The present invention provides a method for inhibiting the growth of pathogens in an animal feed comprising the steps of: contacting an animal feed with at least one lactic acid bacterium strain selected from the group consisting of Lactobacillus salivarius (L14, L28 and FS56), a mixture thereof; or a whey obtained from fermentation of the lactic acid bacterium strain, wherein the at least one lactic acid bacterium strain inhibits the growth of the pathogens, the nosocomial pathogens or the spoilage microorganisms in the pet food.

Description

METHOD AND COMPOSITION FOR REDUCING PATHOGENS IN PET FOOD
USING LACTIC ACID BACTERIA
TECHNICAL FIELD OF THE INVENTION
The present invention relates in general to the field of reducing pathogens in food products, specifically to compositions of matter and methods of making and using lactic acid bacterium for reducing pathogens in pet food.

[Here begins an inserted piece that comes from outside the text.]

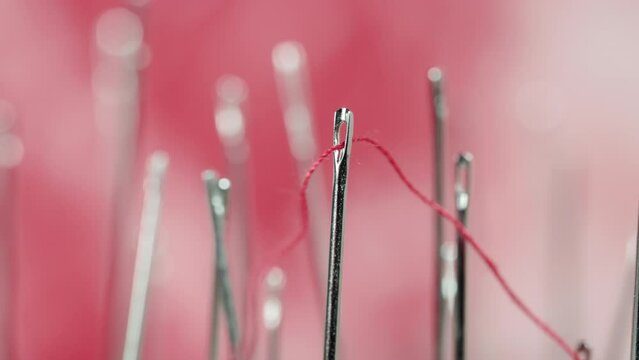 Red thread and needle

BACKGROUND OF THE INVENTION
Without limiting the scope of the invention, its background is described in connection with reducing transmission of food borne illness in pet food.
The well-being of animals is closely related to their feeding. In addition to providing nutritional value, food composition influences the intestinal microflora equilibrium and may lead to or prevent gastrointestinal disorders. As meat-eaters, cats and dogs are characterized by a short digestive tract and a rapid flow rate of the bolus of food. Among the constituents of the gastrointestinal microflora of cats and dogs Bacteroides sp., Clostridium sp., Enterobacteriaceae, Bifidobacterium sp., Lactobacillus sp., Streptococcus sp., Staphylococcus sp. and yeasts can be recovered. The number and composition of this endogenous flora tend to be rather stable, although age and, to a lesser degree, food may modify it. Gastric acidity, bile, intestinal peristalsis and local immunity are factors thought to be important in the regulation of bacterial flora in the small intestine of various other mammals. Often canine and feline gastrointestinal disorders are linked to bacterial overgrowth and the production of enterotoxins produced by pathogenic bacteria. A common infection route relates to the ingestion of contaminated food, potentially leading to food-borne diseases. There is a clear need for new agents to control microorganisms either by reducing or inhibiting their growth. As a result, a great deal of effort has been expended in attempts to identify natural products that can be safely added for the purpose of inhibiting bacterial growth.
U.S. Patent No. 8,771,675, entitled "Probiotic Strains for Pets" disclose novel strains of probiotics for use in the gastrointestinal tract of a pet. The probiotics are capable of fermenting starch to produce lactic acid and/or hydrogen peroxide anti-pathogenic metabolites.
U.S. Patent Application Publication No. 2013/0011374, entitled "Growth Inhibition of Microorganisms by Lactic Acid Bacteria," relates to growth inhibition of microorganisms by lactic acid bacteria; the reduction and/or treatment of food-borne pathogen infections and/or nosocomial infections; the inhibition of spoilage microorganisms in food products and the modulation of gut flora.
BRIEF SUMMARY OF THE INVENTION
The present invention provides a method for inhibiting the growth of pathogens in an animal feed comprising the steps of: contacting an animal feed with at least one lactic acid bacterium strain selected from the group consisting of Lactobacillus salivarius (L14, L28 and FS56), a mixture thereof; or a whey obtained from fermentation of the lactic acid bacterium strain, wherein the at least one lactic acid bacterium strain inhibits the growth of the pathogens, the nosocomial pathogens or the spoilage microorganisms in the pet food.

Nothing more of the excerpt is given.